The Living Lab Demonstration Project is a collaboration between Lawrence Berkeley National Laboratory and the Building Energy Exchange that explores and advances innovative integrated lighting, daylighting, and shading systems in working office environments. The team will document the metrics, economics, and lessons learned, and develop resources to aid the widespread deployment and successful operation of these energy saving systems. Two leading financial institutions are hosting "living lab" demonstration floors within their flagship NYC headquarters.
To speed adoption of advanced lighting, daylighting, and shading systems, the Living Lab Demonstration Project will retrofit existing offices with “state-of-the-shelf” systems and monitor their performance to better understand and communicate the factors involved in successful deployment and operation of these systems. This proof-of-concept project grew out of BEEx's Let There Be Daylight report.
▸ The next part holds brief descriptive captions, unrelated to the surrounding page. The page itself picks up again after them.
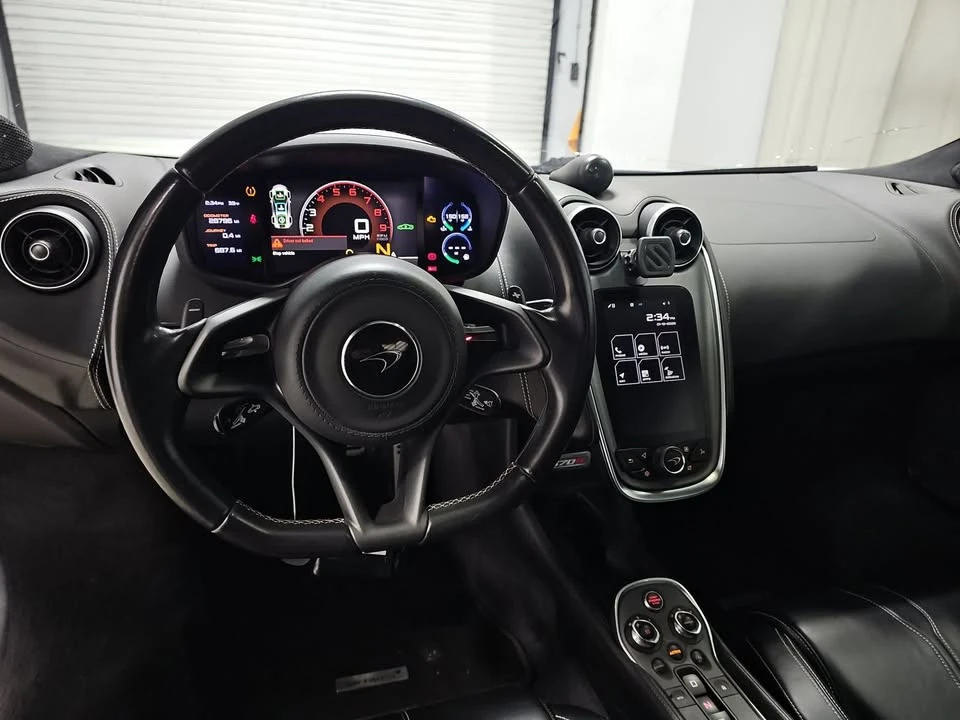 2016 McLaren 570S - Image 6 of 11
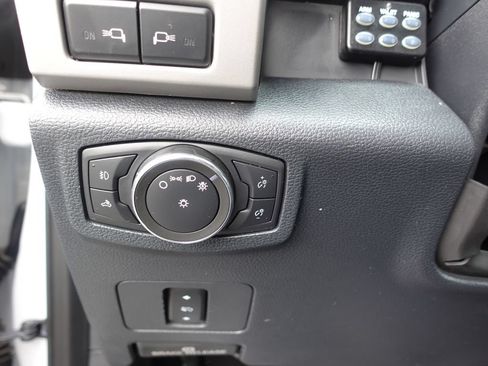 Used 2022 Ford F250 Lariat w/ Lariat Value Package AWD/4WD image 16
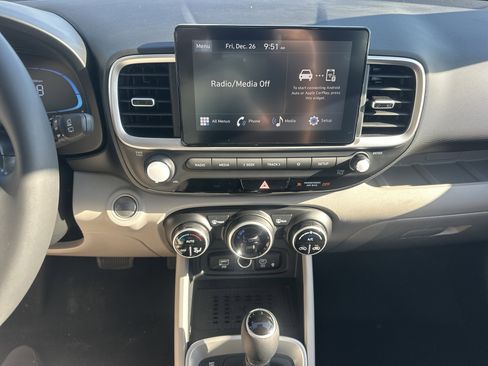 New 2026 Hyundai Venue SEL image 20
The project will analyze pre-retrofit performance over a range of space types, and will monitor control spaces to compare and contrast the impacts of the deployed systems, including effects on satisfaction of the occupants. The two-year projects will include multiple feedback loops allowing for periodic modifications and enhancements to the systems. In addition to significant improvements in energy use performance, the project will focus on strategic procurement processes that reduce overall implementation costs.
Areas of focus will include effective, high-efficiency lighting, shades, solar controls, and products that extend daylight penetration, and controls for scheduling and tuning of systems that respond to occupancy, light levels, and other factors. The team will consider cost effectiveness while maintaining high levels of indoor environmental quality. The projects take LBNL's ground-breaking work on shading and lighting controls at the New York Times building as their model. When the most effective set of integrated solutions has been identified, the financial institutions will explore replication of these solutions on other floors and throughout their respective building portfolios.
The LBNL/BEEx team expects the Living Lab projects will transform the performance and cost expectations for advanced daylighting retrofit solutions. Successful solutions, lessons learned and the key factors in sustaining ongoing performance will be communicated by the Building Energy Exchange to the greater real estate community through virtual case studies, live instruction technical training, panel discussions, webinars, and other resources.
Over the demonstration period, a wide range of addressable, granular lighting control strategies (e.g. daylight harvesting, occupancy sensing, tuning, etc.) will be tested to achieve the greatest energy usage reductions while maintaining or improving occupant satisfaction.